The SourceCred implementation is a JS-based program that anyone can run. In principle, you could write an implementation that runs on a blockchain; however, this would have two problems. First, calculating cred is both compute and data intensive, and I don’t know of any blockchains that scale well enough to support calculating cred on-chain. Second, much of the data “lives” off chain (e.g. GitHub history), so at the moment there is no way to avoid having an oracle.

However, SourceCred is decentralized in that anyone can run an instance on a project, and using the same config, they should get the same results. So a project could appoint a set of semi-trusted validators to run cred off-chain and then report the results on-chain, and it would be easy for everyone in the community to check that the work is being done faithfully.

Let me know if that doesn’t answer your question.

4 Likes

Awesome! Sounds like it would work really well for a PoA sidechain since those already rely on a trusted set of validators. Could also create a staking/chalenge game with rewards/penalties, or use something like the Aragon Court

Thanks for the intro!

2 things come to mind: 1/ Once a couple of projects have successfully leveraged SourceCred then it’ll be very tempting for any similar project to jump into the SourceCred train. Is it possible to see such project atm? 2/ I’m guessing that a lot of projects will be lost at first so they probably will want to setup SourceCred & adjust parameters as they go. Are you going to work on providing some good practice for SourceCred parametrization ?

As far as I know, sfosc is the only other project using cred scores so far.

Yeah, coming up with good patterns for choosing the parameters is going to be extremely important as SourceCred gets adoption.
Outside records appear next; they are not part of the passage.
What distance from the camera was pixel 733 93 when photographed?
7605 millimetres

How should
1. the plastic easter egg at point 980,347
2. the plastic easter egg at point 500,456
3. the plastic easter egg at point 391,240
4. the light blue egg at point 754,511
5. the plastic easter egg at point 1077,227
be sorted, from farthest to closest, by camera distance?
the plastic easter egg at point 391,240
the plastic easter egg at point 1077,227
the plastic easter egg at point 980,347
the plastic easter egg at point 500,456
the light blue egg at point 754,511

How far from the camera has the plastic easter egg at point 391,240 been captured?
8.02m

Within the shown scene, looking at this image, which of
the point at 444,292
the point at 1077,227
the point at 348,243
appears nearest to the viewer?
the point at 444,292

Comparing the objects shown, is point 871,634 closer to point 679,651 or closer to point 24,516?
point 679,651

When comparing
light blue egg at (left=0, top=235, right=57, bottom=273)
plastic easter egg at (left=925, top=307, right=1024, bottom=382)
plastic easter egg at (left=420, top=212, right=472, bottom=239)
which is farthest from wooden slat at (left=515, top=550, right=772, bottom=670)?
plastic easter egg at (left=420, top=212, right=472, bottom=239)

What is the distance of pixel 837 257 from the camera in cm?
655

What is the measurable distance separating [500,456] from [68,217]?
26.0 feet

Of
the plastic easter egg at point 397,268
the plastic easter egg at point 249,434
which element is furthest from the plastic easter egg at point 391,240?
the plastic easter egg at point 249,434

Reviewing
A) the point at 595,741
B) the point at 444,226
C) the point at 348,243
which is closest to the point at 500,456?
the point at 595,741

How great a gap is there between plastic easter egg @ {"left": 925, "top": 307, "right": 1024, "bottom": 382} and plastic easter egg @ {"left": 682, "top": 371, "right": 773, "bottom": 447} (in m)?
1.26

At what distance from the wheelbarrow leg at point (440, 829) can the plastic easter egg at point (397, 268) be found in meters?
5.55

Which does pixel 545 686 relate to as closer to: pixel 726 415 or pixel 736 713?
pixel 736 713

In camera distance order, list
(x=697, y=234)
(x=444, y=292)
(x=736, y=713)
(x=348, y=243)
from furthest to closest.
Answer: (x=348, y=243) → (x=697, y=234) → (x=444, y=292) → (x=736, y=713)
For example, so far we’ve discussed how to get the community involved in choosing the parameters:

But really, the first thing to do is kick off the CredSperiment which will give us “real” experience with SourceCred and parameter choices. We won’t be able to come up with best practices for others until we’ve found working solutions for ourselves.

2 Likes

Would love to see a spec for a network of incentived oracles that validate each-other and report back to the chain their results (when requested). This way an on-chain entity (DAO) could:

  1. Pay for GitHub sourcecred indexing/computing by the network.
  2. Ask the network to oraclize specific metrics for a specific time period. For example - give me a merkle root that represents each contributor’s % of cred out of the whole.
  3. Use the metrics that the network pushes & validates on-chain to then do other on-chain things, like distribute and claim funds.
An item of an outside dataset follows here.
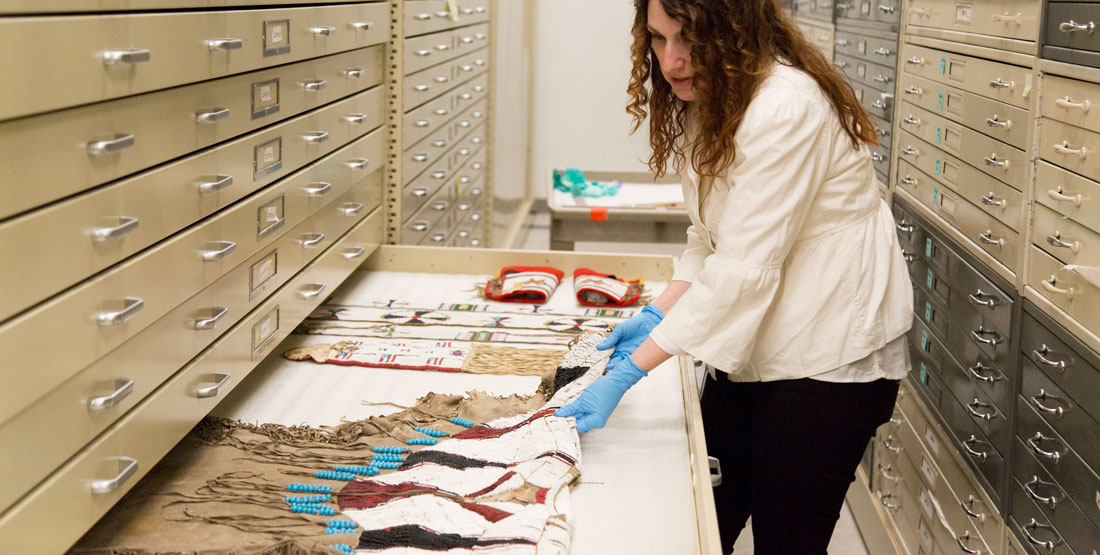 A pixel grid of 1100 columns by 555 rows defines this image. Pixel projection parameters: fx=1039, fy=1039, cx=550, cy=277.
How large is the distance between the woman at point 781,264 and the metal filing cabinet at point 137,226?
60cm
The use case described above comes from wanting DAOs to be able to easily allocate & distribute on-chain assets for off-chain activity, without having to run their own trusted servers.

Note: A robust solution for linking off-chain accounts w/ a public key is needed.

1 Like

What happened to the “SourceCred Explorer?”
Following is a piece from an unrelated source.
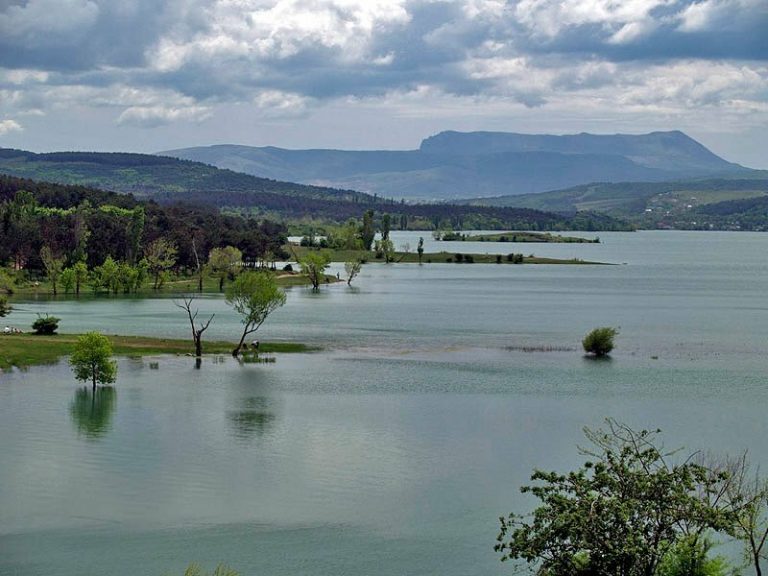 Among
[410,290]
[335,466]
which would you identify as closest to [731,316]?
[410,290]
If we expand a single node, we can see how that node received its cred via its connections to other nodes. At the top level, it aggregates groups of connections based on the type of edge, and the type of node the edge connects to. The percentages show what fraction of the node’s cred came from that connection, and the numbers show how much total cred came from that connection.

Then, diving down within a particular group of connections, we can see all of the individual edges along with how much cred they contributed.

If we want to learn more about a particular edge, we can expand it to see the node that edge connects to. This gives us the ability to dive into the graph from a fresh starting point. As you go “deeper” in your exploration of the graph, the color becomes deeper as well.